Curators: John Courtney and Patrick Hayes
A topic such as “Elections, Parties, and Leaders” covers a great deal of ground. What this display presents is a sample of the resources available from the University Library, the University Archives and Special Collections, and the Diefenbaker Archives.
The display covers a range of topics relating to institutions central to a liberal, democratic state. Principal among these are periodic, open, competitive elections, electoral reform, leadership conventions, the administration of elections (Elections Canada), the expansion of the franchise, and electoral boundary readjustments.
It presents the collections’ material as well material on Indigenous Peoples and the electoral system, the blatantly partisan electoral statutes of the First World War, and the replacement of Canada’s two-party system (1867-1917) with a party system with three, four, or more parties competing for office.
The city of Prince Albert gets special attention as the only federal constituency to have elected three prime ministers: Sir Wilfrid Laurier, Mackenzie King, and John Diefenbaker.
Maps of the 1980, 1984, 1988, and 1993 federal elections capture the fractured party system and the volatile electoral behaviour that has now become the “new norm” of Canadian politics.

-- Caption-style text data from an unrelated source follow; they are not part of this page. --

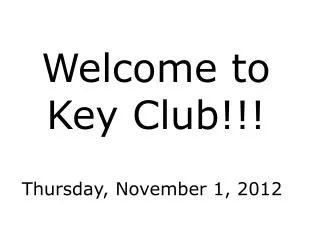 Welcome to Key Club!!!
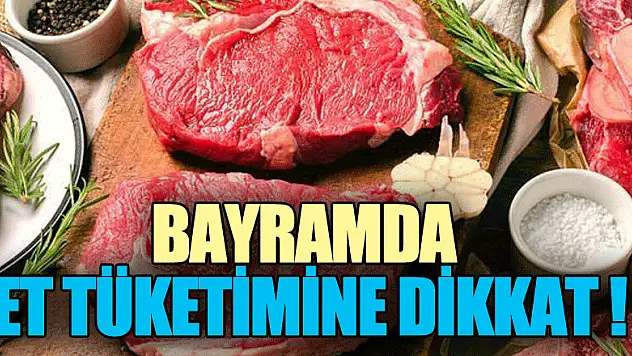 Kurban Bayramı'nda et tüketimine dikkat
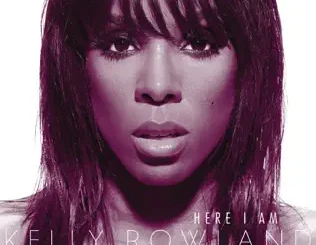 Kelly Rowland – Here I Am (International Bonus Track Edition)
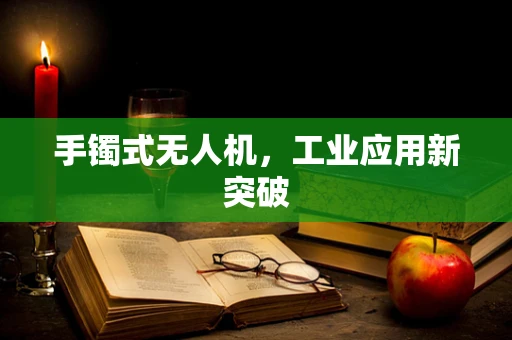 手镯式无人机，工业应用新突破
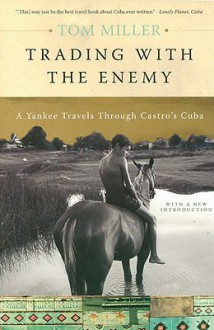 Trading with the Enemy: A Yankee Travels Through Castro's Cuba - Tom Miller, Gregory Cochran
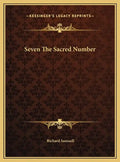 Seven The Sacred Number - Hardcover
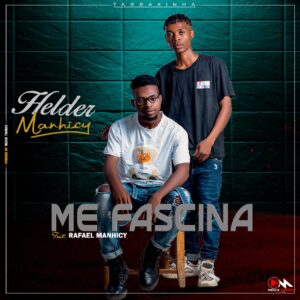 Helder Manhicy - Me fascina (feat. Rafael Manhicy)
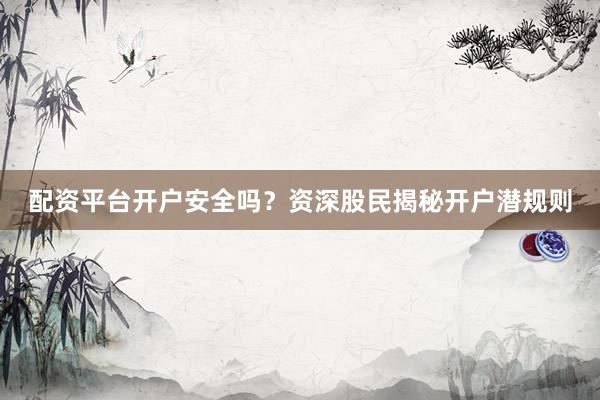 配资平台开户安全吗？资深股民揭秘开户潜规则
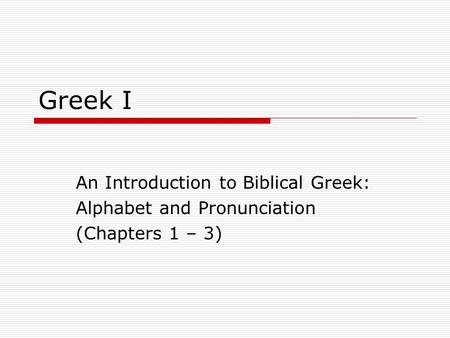 Greek I An Introduction to Biblical Greek: Alphabet and Pronunciation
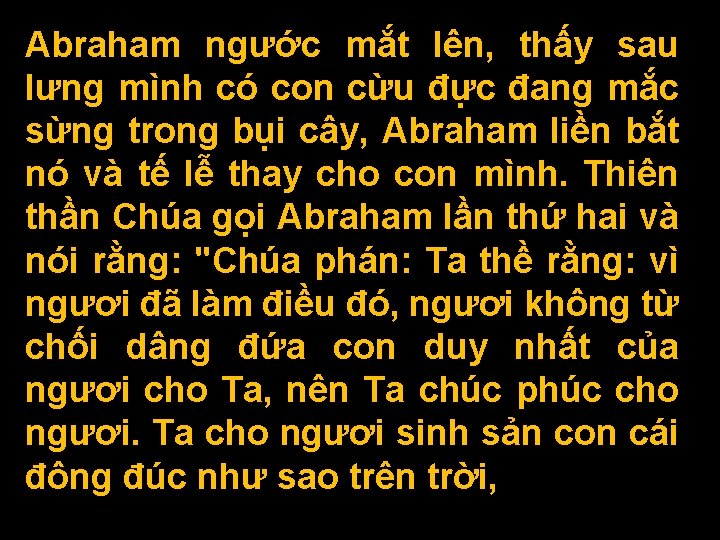 Abraham ngước mắt lên, thấy sau lưng mình có con cừu đực đang mắc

A remarkable example of the historic value of something as prosaic as an “autographic book” is readily apparent from the signatures of important 19th and 20th century political figures.
What captures a political event better than an editorial cartoon in a daily newspaper? A selection of cartoons is presented on the screen, many of them drawn by the award-winning University of Saskatchewan graduate, Brian Gable, the principal cartoonist with The Globe and Mail.